DATA PROVIDED:
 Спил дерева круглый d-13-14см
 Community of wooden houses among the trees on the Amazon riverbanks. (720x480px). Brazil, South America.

==

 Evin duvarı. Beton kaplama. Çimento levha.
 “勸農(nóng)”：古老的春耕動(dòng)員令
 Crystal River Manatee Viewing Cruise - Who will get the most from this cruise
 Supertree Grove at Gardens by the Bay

* * *

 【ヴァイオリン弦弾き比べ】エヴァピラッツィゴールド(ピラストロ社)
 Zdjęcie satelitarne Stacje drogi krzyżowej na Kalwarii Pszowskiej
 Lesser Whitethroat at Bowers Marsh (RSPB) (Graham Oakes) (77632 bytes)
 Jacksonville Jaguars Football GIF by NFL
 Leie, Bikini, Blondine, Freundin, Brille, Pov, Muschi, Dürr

YOUR TASK:
Copy range, inclusive: the line holding "Спил дерева круглый d-13-14см" to the line holding "Community of wooden". Reproduce exactly those lines of the records above and no others.

THE COMPLETED TASK:
 Спил дерева круглый d-13-14см
 Community of wooden houses among the trees on the Amazon riverbanks. (720x480px). Brazil, South America.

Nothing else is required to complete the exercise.